Extracted records
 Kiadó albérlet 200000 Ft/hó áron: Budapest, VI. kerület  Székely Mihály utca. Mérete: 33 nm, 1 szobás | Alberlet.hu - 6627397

...

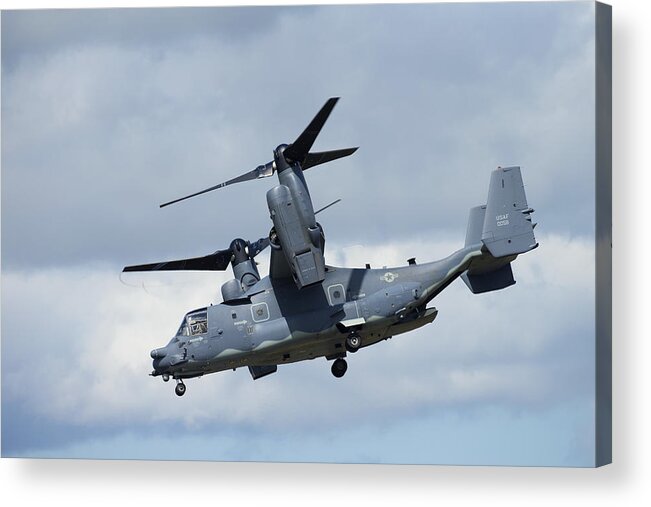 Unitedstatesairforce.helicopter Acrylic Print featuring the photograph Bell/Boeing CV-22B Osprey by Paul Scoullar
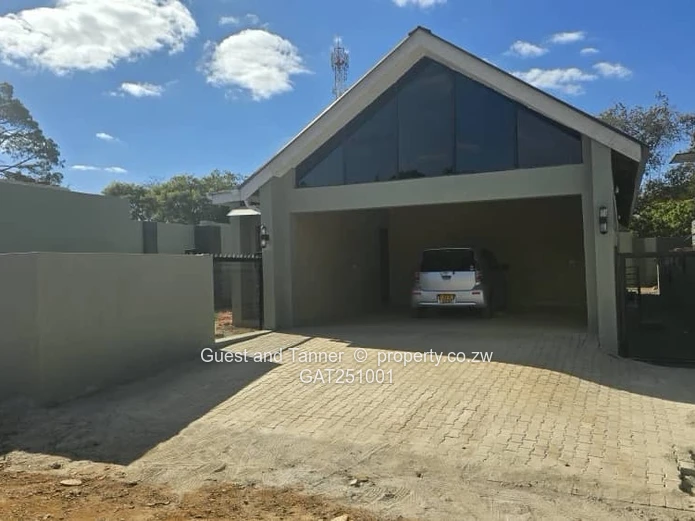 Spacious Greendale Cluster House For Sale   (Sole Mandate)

==

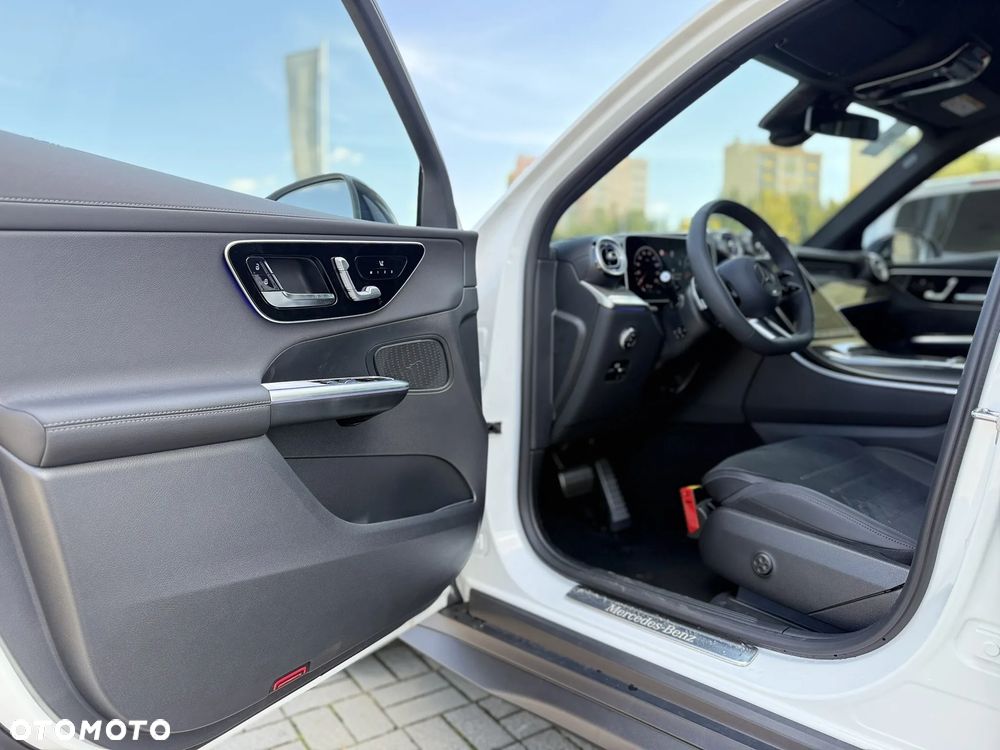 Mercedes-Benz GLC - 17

Task directions
Extract, without any images, the part of the material above that opens with the line containing "Unitedstatesairforce.helicopter Acrylic Print" and closes with the line containing "Spacious Greendale Cluster", both lines included.

Completed exercise
 Unitedstatesairforce.helicopter Acrylic Print featuring the photograph Bell/Boeing CV-22B Osprey by Paul Scoullar
 Spacious Greendale Cluster House For Sale   (Sole Mandate)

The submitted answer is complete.